DATASET EXTRACT section start

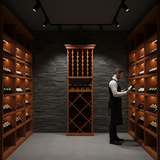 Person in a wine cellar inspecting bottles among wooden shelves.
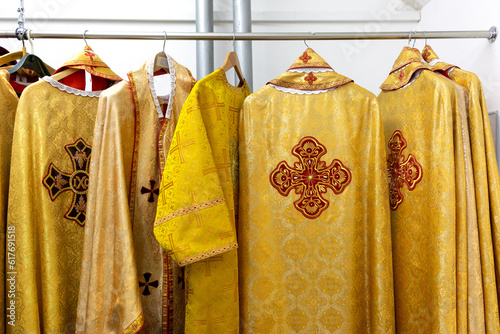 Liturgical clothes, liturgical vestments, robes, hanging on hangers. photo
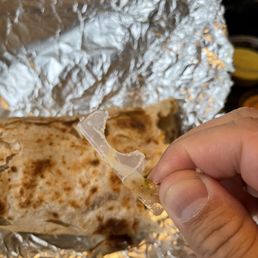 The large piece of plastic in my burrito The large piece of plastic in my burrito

DATASET EXTRACT section end

:: WHAT YOU ARE ASKED TO DO ::
Pictures are to be left out; repeat all the remaining data exactly.

:: SOLVED PROBLEM ::
 Person in a wine cellar inspecting bottles among wooden shelves.
 Liturgical clothes, liturgical vestments, robes, hanging on hangers. photo
 The large piece of plastic in my burrito The large piece of plastic in my burrito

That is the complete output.